A single ldc is probably more efficient than a 64-bit load and the pile
of math we were generating before.  The only reason for the old method
was that it let us avoid indirect cbuf loads because we didn't support
them for a while.  Now that we can support all cbuf loads, we can just
do an indirect 1B load and call it good.

Part-of: <https://gitlab.freedesktop.org/mesa/mesa/-/merge_requests/30218>
---
 src/nouveau/compiler/nak_nir_lower_fs_inputs.c | 9 +++++----
 1 file changed, 5 insertions(+), 4 deletions(-)

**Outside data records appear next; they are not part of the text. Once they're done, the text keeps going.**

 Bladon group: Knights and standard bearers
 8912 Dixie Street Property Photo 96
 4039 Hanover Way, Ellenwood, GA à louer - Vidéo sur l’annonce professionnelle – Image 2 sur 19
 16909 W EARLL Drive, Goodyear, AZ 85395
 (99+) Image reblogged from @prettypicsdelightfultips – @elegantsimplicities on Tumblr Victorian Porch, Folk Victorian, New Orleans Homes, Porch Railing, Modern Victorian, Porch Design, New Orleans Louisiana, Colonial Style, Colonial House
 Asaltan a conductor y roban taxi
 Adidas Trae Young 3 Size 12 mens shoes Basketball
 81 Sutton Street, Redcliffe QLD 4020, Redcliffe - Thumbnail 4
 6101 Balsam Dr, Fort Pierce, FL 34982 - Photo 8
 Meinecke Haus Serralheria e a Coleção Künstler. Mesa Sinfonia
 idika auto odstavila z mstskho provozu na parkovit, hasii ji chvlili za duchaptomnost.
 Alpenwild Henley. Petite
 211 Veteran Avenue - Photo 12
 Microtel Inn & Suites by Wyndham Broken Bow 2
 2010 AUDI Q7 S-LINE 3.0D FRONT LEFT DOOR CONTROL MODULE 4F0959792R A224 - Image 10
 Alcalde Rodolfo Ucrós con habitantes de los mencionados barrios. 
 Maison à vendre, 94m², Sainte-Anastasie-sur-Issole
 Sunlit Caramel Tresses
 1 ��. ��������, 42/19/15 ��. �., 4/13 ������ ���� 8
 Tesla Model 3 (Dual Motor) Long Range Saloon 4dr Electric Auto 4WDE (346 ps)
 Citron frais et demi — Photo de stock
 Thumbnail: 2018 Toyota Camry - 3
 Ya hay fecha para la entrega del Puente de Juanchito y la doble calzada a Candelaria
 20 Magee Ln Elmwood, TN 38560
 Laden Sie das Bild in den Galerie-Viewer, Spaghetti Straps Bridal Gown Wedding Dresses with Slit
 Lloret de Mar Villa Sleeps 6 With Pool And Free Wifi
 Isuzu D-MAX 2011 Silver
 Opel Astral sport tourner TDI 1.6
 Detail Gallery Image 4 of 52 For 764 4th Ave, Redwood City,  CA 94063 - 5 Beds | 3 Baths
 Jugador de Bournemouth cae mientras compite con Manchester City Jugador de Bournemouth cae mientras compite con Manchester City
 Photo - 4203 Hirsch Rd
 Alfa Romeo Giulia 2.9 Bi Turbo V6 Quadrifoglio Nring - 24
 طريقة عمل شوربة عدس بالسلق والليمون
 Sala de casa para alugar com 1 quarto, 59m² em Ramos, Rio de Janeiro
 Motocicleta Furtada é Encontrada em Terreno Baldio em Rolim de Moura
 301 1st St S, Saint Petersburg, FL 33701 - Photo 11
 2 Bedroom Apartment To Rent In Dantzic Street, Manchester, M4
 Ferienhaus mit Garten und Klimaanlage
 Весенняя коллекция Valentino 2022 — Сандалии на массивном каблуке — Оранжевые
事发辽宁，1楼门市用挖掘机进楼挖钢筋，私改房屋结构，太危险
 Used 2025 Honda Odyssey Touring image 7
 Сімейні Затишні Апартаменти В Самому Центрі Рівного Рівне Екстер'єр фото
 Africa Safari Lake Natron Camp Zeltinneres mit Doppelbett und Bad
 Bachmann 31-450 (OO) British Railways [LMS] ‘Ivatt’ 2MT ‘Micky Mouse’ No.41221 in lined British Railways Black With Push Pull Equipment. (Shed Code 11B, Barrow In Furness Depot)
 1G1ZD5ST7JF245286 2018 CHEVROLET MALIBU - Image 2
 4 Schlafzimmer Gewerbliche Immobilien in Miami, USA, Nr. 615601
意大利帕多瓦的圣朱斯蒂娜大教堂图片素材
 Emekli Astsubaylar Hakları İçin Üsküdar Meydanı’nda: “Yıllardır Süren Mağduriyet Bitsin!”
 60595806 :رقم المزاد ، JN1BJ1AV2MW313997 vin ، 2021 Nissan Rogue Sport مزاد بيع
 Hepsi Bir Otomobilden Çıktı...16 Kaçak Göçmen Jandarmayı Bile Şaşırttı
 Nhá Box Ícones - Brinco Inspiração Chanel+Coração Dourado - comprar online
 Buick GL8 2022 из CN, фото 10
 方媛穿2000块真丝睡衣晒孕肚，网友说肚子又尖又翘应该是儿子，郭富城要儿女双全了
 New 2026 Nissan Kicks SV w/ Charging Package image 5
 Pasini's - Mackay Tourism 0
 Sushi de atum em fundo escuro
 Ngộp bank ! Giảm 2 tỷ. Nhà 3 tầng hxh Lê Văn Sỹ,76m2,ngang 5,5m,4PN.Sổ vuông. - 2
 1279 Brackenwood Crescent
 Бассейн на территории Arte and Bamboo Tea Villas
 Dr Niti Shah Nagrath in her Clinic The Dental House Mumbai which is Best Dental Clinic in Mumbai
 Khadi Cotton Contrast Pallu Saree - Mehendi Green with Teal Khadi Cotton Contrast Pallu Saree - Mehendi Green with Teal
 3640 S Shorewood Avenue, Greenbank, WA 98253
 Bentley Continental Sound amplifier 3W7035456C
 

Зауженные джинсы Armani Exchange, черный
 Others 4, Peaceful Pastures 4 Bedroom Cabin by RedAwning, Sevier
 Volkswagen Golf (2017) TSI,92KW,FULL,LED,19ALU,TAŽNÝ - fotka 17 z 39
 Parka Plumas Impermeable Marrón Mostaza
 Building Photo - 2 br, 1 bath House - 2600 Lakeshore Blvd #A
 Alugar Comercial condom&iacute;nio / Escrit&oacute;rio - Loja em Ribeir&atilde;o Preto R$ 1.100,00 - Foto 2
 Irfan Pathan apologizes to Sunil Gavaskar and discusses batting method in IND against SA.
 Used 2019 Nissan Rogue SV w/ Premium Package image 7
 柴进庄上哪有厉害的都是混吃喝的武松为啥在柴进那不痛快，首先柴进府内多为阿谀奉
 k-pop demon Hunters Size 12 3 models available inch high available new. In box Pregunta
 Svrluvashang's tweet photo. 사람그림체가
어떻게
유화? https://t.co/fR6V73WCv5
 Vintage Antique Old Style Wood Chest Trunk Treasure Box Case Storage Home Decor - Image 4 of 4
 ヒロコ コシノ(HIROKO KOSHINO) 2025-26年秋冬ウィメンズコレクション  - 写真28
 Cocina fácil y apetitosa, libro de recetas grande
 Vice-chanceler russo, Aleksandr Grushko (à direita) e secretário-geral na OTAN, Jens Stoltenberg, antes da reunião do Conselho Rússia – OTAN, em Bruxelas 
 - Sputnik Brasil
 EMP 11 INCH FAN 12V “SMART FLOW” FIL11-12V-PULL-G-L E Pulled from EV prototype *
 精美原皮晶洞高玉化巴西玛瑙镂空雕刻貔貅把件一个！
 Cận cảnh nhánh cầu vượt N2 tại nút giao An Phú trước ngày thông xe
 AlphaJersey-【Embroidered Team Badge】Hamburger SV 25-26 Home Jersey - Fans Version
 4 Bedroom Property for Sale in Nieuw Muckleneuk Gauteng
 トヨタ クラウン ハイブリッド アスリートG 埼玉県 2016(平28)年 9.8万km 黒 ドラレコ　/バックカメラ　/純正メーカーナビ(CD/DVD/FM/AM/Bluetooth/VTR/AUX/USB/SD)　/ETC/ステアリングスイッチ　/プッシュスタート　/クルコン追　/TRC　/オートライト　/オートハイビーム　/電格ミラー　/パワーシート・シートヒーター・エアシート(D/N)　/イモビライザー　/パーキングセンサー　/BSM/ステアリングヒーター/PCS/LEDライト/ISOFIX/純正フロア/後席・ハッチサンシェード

diff --git a/src/nouveau/compiler/nak_nir_lower_fs_inputs.c b/src/nouveau/compiler/nak_nir_lower_fs_inputs.c
index 51ee91b08ba..8d6e79756a4 100644
--- a/src/nouveau/compiler/nak_nir_lower_fs_inputs.c
+++ b/src/nouveau/compiler/nak_nir_lower_fs_inputs.c
@@ -107,13 +107,14 @@ static nir_def *
 load_sample_pos_at(nir_builder *b, nir_def *sample_id,
                    const struct nak_fs_key *fs_key)
 {
-   nir_def *loc = nir_ldc_nv(b, 1, 64,
+   nir_def *loc = nir_ldc_nv(b, 1, 8,
                              nir_imm_int(b, fs_key->sample_locations_cb),
-                             nir_imm_int(b, fs_key->sample_locations_offset),
+                             nir_iadd_imm(b, sample_id,
+                                          fs_key->sample_locations_offset),
                              .align_mul = 8, .align_offset = 0);
 
-   /* Yay little endian */
-   loc = nir_ushr(b, loc, nir_imul_imm(b, sample_id, 8));
+   /* The rest of these calculations are in 32-bit */
+   loc = nir_u2u32(b, loc);
    nir_def *loc_x_u4 = nir_iand_imm(b, loc, 0xf);
    nir_def *loc_y_u4 = nir_iand_imm(b, nir_ushr_imm(b, loc, 4), 0xf);
    nir_def *loc_u4 = nir_vec2(b, loc_x_u4, loc_y_u4);